**Prompt**
Nothing but the lines from the one including "Vintage Wrought Iron" through the last line of the entries, restated exactly, should appear in the answer; omit the pictures.
(Data records begins)
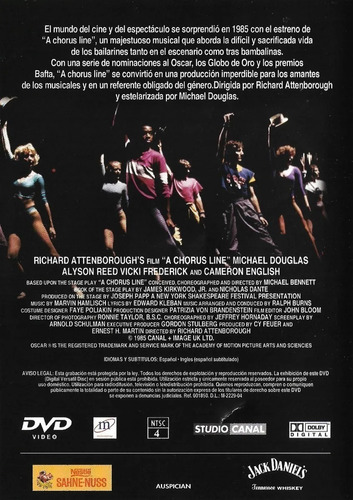Imagen 2 de 2 de Chorus Line (1985) - Dvd Original - Usado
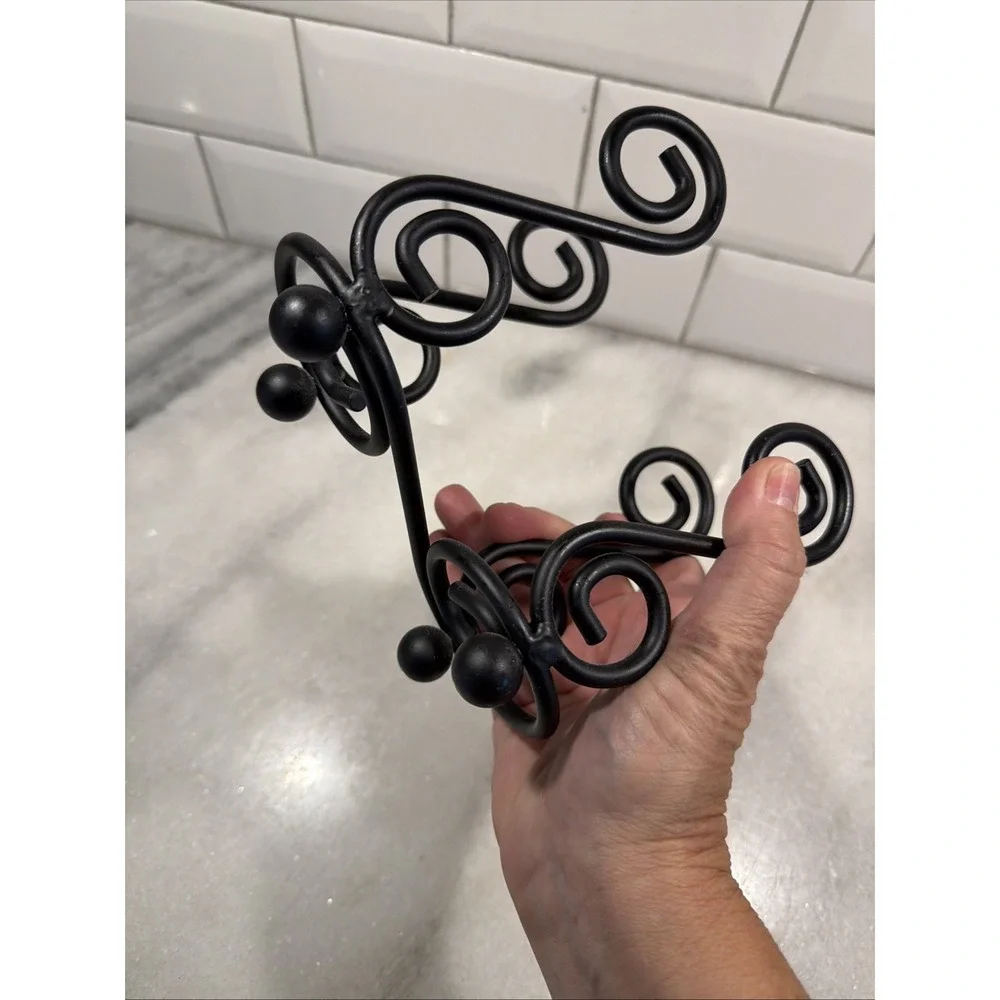 Vintage Wrought Iron Napkin Holder Scrolls Ball Feet Black 5 1/2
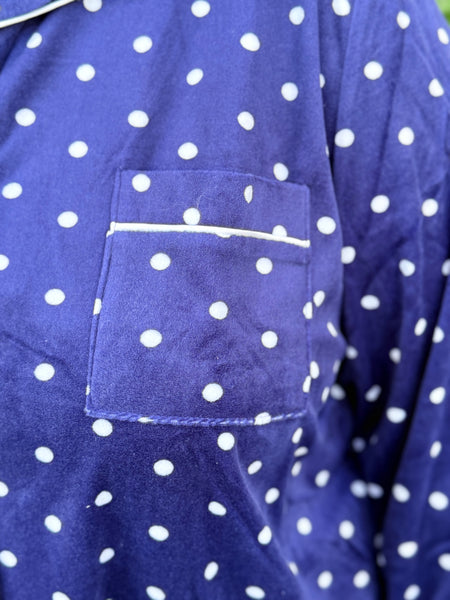 La Cera Micro Fleece Pajama -Navy Dot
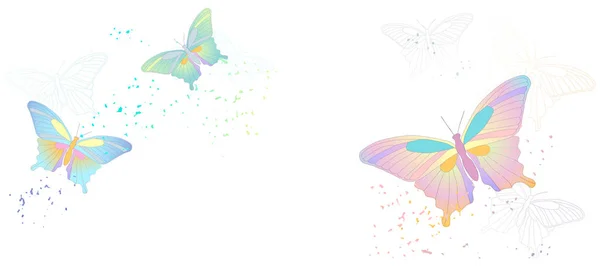Banner vectorial con mariposas voladoras aisladas en blanco — Vector de stock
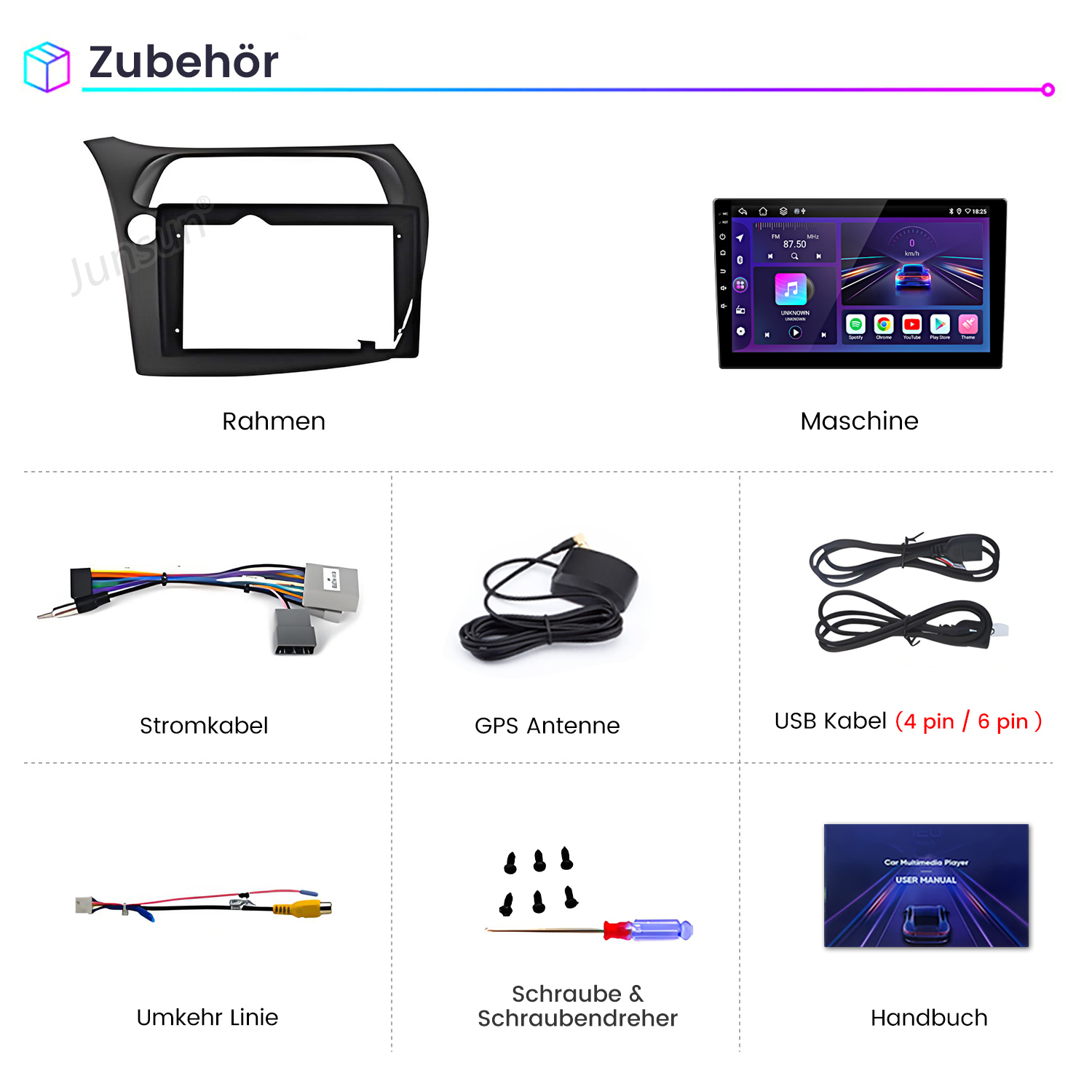 Zubehör: Rahmen, Maschine, Stromkabel, GPS Antenne, USB Kabel, Umkehr Linie, Schrauben, Handbuch.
(Data records ends)
**Answer area**
 Vintage Wrought Iron Napkin Holder Scrolls Ball Feet Black 5 1/2
 La Cera Micro Fleece Pajama -Navy Dot
Banner vectorial con mariposas voladoras aisladas en blanco — Vector de stock
 Zubehör: Rahmen, Maschine, Stromkabel, GPS Antenne, USB Kabel, Umkehr Linie, Schrauben, Handbuch.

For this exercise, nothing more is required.